As I'm still in the research phase, I don't know what direction I should go. 由于我还处于研究阶段，我不知道应该走哪条路。 Is it even possible to port these frameworks to a smartphone platform? 甚至可以将这些框架移植到智能手机平台吗？ Like Openpose for example, which uses Caffe and OpenCV. 就像Openpose一样，它使用Caffe和OpenCV。 Let's say I want to port Openpose to Android; 假设我想将Openpose移植到Android; I know there is a library CNNdroid that is capable of converting CNN models made with Caffe to CNNdroid format. 我知道有一个CNNdroid库可以将用Caffe制作的CNN模型转换成CNNdroid格式。 Further OpenCV also shouldn't be a big problem as there is a Android version available. 进一步的OpenCV也不应该是一个大问题，因为有Android版本可用。 So, in theory it seems possible, but what in practice.. 所以，理论上似乎有可能，但实际上是什么......

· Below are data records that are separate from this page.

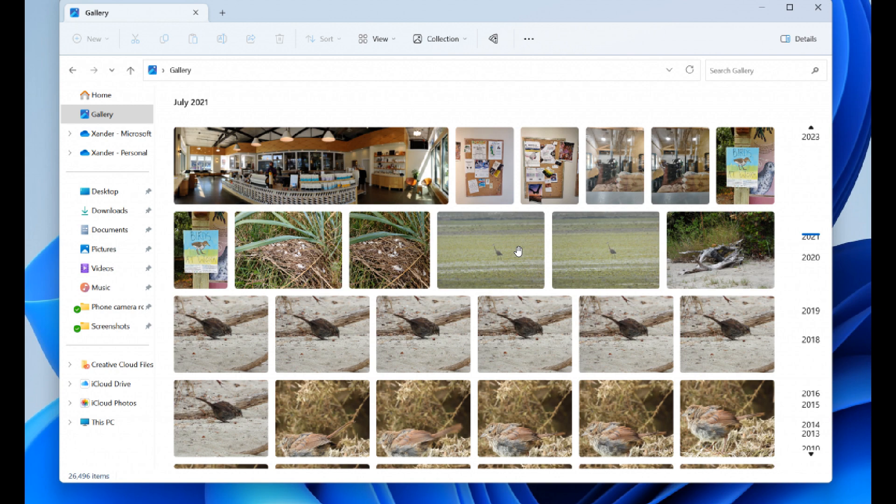And the content shown in Gallery is the same as what you'll see in the All Photos View in the Photos app. So it looks like Microsoft is basically integrating the Photos View directly into the File Explorer and calling that Gallery now.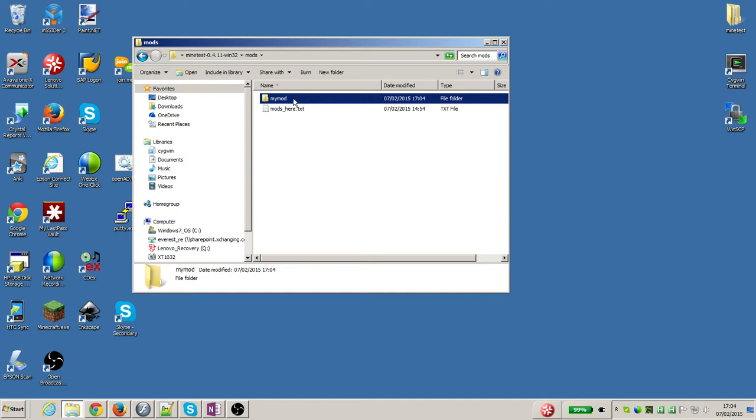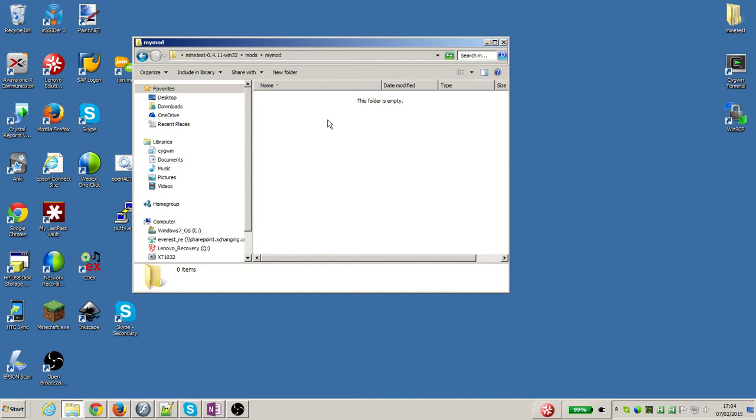Once I've created it I'm going to double click again to go into that folder because I need to create one more folder. And that's a folder in here that I can save the images that are going to go on the outside of my blocks that I'm going to create in my mod.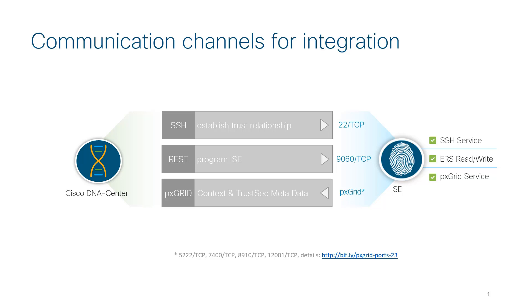Now, for a successful integration, there are three main services that need to be enabled. First, SSH must be enabled on the Identity Services Engine, and is always best practice for a secure connection.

My question is: Is there someone who has experience with human pose detection/matching on smartphone? 我的问题是：是否有人在智能手机上有人体姿势检测/匹配经验？ Is it even possible with the current GPU's available on smartphone. 智能手机上现有的GPU是否可行？ I know this is a broad question, but some directions/suggestions/experience could really help 我知道这是一个广泛的问题，但一些方向/建议/经验可能真的有帮助

UPDATE: I'm thinking about the option of porting Openpose (uses Caffe as ML framework) to TensorFlow. 更新：我正在考虑将Openpose（使用Caffe作为ML框架）移植到TensorFlow的选项。 TensorFlow supports both Android & iOS TensorFlow支持Android和iOS

2 个解决方案

You might be interested in looking at the techniques used by Krafka et al. 您可能有兴趣研究Krafka等人使用的技术。 for their Eye Tracking for Everyone project in which they compress a larger network for estimating gaze coordinates into a smaller network which can run on a smartphone. 他们的眼动追踪适用于所有人的项目，他们压缩一个更大的网络，用于估计凝视坐标到可以在智能手机上运行的较小网络。 This is using a concept developed by Geoff Hinton which he called Dark Knowledge . 这是使用Geoff Hinton开发的一个概念，他称之为Dark Knowledge 。 Gaze detection is a special case of pose estimation, so in principle it would seem like these techniques would be helpful. 注视检测是姿势估计的一个特例，因此原则上看起来这些技术会有所帮助。 However, I do not know whether they will be sufficiently effective for your purposes (I think that largely depends on your accuracy constraints). 但是，我不知道它们是否足以达到您的目的（我认为这在很大程度上取决于您的准确性限制）。

Openpose is too heavy for a smartphone application. 对于智能手机应用程序，Openpose太重了。 You need to redesign the software architecture to fit into a phone system. 您需要重新设计软件架构以适应电话系统。 Regarding to the cnn which is the bottleneck of the performance, using mobilenet like structure and Dark Knowledge (as Mozglubov mentioned) to teach a thinner network are two promising approaches. 关于作为性能瓶颈的cnn，使用类似移动网络的结构和Dark Knowledge（如Mozglubov所提到的）教授更薄的网络是两种有前途的方法。 Anywhere, there are lots of engineer work ahead. 在任何地方，都有很多工程师在工作。 Good luck! 祝好运！